### Assignment
Leave out the pictures and output the data verbatim.

### The data
• • • • •
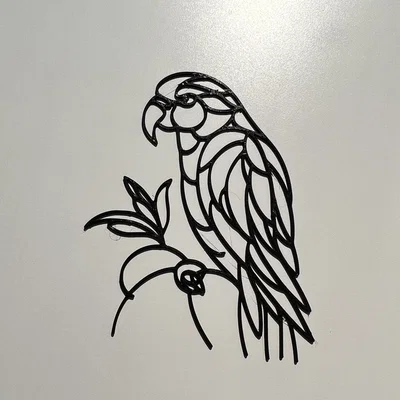Tranh treo tường Parrot Wall Art #4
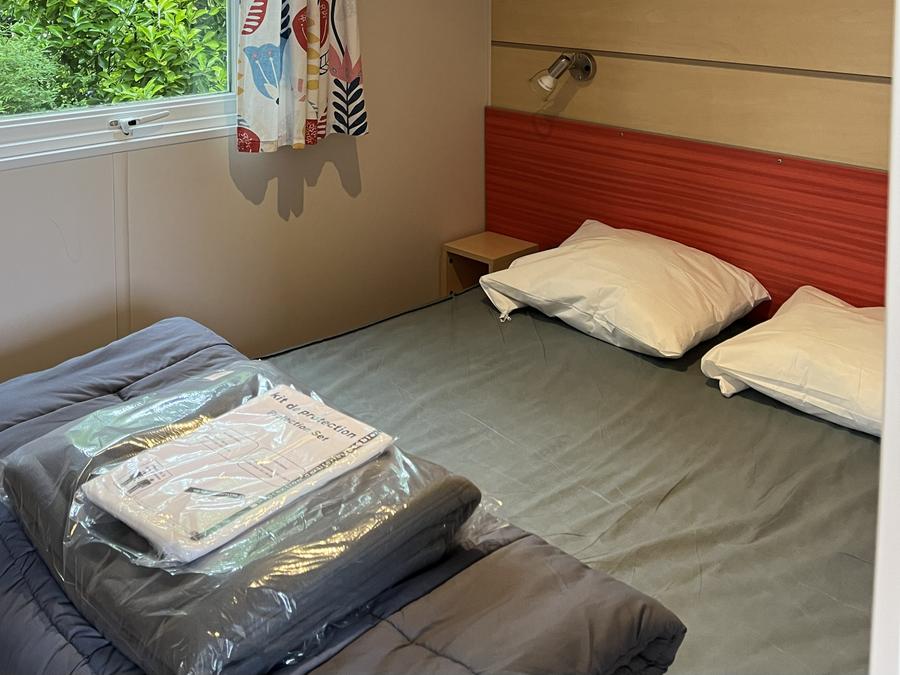 Mobilhome 2 personnes - Mobil-home Confort - 1 chambre - 16m² 6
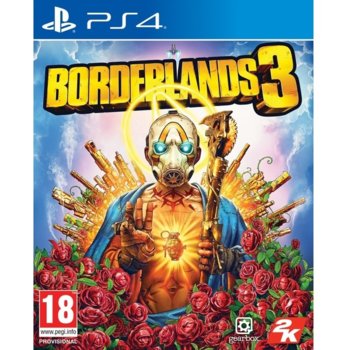 Игра за конзола Borderlands 3, за PS4 | JAR Computers Borderlands 3 (PS4)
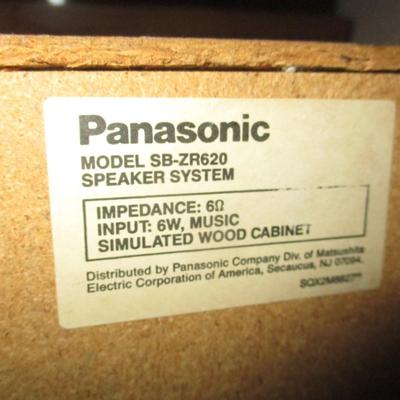 Panasonic Speakers Model SB-ZR620 - D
• • • • •
### Solution to this exercise
Tranh treo tường Parrot Wall Art #4
 Mobilhome 2 personnes - Mobil-home Confort - 1 chambre - 16m² 6
 Игра за конзола Borderlands 3, за PS4 | JAR Computers Borderlands 3 (PS4)
 Panasonic Speakers Model SB-ZR620 - D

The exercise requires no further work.